Ao deixar o governo, Doria afirmou:
"Pesquisas mostram que nem Bolsonaro nem Lula têm a confiança da maioria dos brasileiros. Estamos em uma disputa de rejeitados. A desaprovação de um e de outro é o que alimenta o voto de um contra o outro, e não o voto a favor. Agora, é hora de o voto ser a favor do Brasil. A pressão dessa força de extremistas tem deixado difícil a construção de um consenso, de uma aliança nacional contra os erros do petismo e do bolsonarismo. Vamos sim defender a democracia e a liberdade do Brasil".

A fala nem tem muito sentido lógico e traduz a dificuldade de se construir um discurso para os candidatos que tentam criar uma terceira força eleitoral. A rejeição a Doria, em muitas pesquisas, é mais alta do que a de Lula.

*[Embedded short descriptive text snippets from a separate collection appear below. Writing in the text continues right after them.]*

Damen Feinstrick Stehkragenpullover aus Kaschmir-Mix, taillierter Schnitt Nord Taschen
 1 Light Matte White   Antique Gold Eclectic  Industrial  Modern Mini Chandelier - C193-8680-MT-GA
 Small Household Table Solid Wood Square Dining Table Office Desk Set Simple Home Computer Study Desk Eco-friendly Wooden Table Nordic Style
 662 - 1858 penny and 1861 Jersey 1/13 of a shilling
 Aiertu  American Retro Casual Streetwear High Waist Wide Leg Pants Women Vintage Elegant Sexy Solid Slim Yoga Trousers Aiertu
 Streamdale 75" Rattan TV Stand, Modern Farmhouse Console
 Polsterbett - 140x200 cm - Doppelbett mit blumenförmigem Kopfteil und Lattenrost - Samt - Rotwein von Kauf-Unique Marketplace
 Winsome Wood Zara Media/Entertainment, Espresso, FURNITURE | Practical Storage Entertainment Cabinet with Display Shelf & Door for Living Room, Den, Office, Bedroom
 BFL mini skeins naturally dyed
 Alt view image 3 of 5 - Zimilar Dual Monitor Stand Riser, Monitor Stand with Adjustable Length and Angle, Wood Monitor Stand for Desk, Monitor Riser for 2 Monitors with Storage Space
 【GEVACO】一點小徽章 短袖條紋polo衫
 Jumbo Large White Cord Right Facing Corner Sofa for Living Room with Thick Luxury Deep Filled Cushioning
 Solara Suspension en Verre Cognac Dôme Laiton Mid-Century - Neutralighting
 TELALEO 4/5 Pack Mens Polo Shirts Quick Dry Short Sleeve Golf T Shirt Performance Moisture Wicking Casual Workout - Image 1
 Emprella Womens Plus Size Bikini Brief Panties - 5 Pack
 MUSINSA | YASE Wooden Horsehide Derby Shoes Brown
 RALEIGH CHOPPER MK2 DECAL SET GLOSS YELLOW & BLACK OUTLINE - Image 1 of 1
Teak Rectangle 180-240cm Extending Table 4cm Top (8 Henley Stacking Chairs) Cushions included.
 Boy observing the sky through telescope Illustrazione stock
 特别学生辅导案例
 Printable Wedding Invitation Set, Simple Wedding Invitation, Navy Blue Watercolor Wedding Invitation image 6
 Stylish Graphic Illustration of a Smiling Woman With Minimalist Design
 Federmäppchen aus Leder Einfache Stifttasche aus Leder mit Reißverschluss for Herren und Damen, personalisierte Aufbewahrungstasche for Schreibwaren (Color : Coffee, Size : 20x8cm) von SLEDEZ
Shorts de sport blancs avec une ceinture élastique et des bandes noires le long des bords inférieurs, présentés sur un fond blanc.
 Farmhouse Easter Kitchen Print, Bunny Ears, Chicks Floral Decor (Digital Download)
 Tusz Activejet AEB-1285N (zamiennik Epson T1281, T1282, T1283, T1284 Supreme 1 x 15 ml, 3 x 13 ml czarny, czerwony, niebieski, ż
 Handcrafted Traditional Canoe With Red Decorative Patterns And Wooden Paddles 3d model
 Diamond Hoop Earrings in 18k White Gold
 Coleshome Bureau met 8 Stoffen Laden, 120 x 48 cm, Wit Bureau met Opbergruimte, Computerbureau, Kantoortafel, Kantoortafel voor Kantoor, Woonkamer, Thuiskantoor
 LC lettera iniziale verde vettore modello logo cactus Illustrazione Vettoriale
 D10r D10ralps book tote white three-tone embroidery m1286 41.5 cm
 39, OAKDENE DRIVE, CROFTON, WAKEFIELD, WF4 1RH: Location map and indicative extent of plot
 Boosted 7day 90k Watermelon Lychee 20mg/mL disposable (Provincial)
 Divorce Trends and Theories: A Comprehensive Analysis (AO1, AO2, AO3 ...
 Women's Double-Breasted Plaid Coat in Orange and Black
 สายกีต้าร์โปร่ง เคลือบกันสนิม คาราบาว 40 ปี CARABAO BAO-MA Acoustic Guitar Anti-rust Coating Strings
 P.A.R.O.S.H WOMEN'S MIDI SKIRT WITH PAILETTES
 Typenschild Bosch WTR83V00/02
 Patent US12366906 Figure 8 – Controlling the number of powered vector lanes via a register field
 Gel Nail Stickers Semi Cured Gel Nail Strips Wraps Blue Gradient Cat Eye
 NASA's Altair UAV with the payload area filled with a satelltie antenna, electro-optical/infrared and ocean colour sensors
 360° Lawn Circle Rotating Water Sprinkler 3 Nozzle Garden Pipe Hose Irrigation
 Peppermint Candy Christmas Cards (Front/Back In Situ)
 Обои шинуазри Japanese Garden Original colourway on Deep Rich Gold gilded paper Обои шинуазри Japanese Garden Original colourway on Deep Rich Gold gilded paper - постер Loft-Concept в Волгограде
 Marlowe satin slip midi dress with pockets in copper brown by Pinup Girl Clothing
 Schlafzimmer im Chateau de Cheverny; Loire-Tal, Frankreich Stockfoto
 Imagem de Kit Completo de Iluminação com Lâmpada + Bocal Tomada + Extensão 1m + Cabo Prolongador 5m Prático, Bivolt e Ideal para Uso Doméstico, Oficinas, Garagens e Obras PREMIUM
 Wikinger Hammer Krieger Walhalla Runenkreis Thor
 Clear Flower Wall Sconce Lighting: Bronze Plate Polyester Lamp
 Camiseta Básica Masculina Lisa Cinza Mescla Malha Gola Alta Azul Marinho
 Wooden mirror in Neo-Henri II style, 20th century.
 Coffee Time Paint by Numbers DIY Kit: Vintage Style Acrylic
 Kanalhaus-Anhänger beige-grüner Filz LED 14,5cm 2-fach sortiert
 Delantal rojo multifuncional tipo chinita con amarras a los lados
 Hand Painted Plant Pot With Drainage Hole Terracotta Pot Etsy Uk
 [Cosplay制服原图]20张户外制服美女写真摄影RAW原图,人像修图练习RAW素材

Ao afirmar que a pressão dos extremistas dificulta a construção de consenso, ignora o tamanho que tem isso a que chama "extremos". Não se trata de forças radicais, porém minoritárias. Uma delas tem mais de 40% do eleitorado. A outra passa de 25%. Ademais, indago eu: até quando Doria e outros insistirão no erro de chamar Lula de "extremista"? Além de ser falso, não funciona.

Mas essas são dificuldades de quem tem de construir uma candidatura. Méritos para isso há. Mas há também os erros políticos, alguns no terreno do discurso ideológico propriamente, como se vê. De toda sorte, o primeiro passo era sufocar o golpe. Parece ter conseguido. Ou seus adversários internos operaram apenas um recuo tático?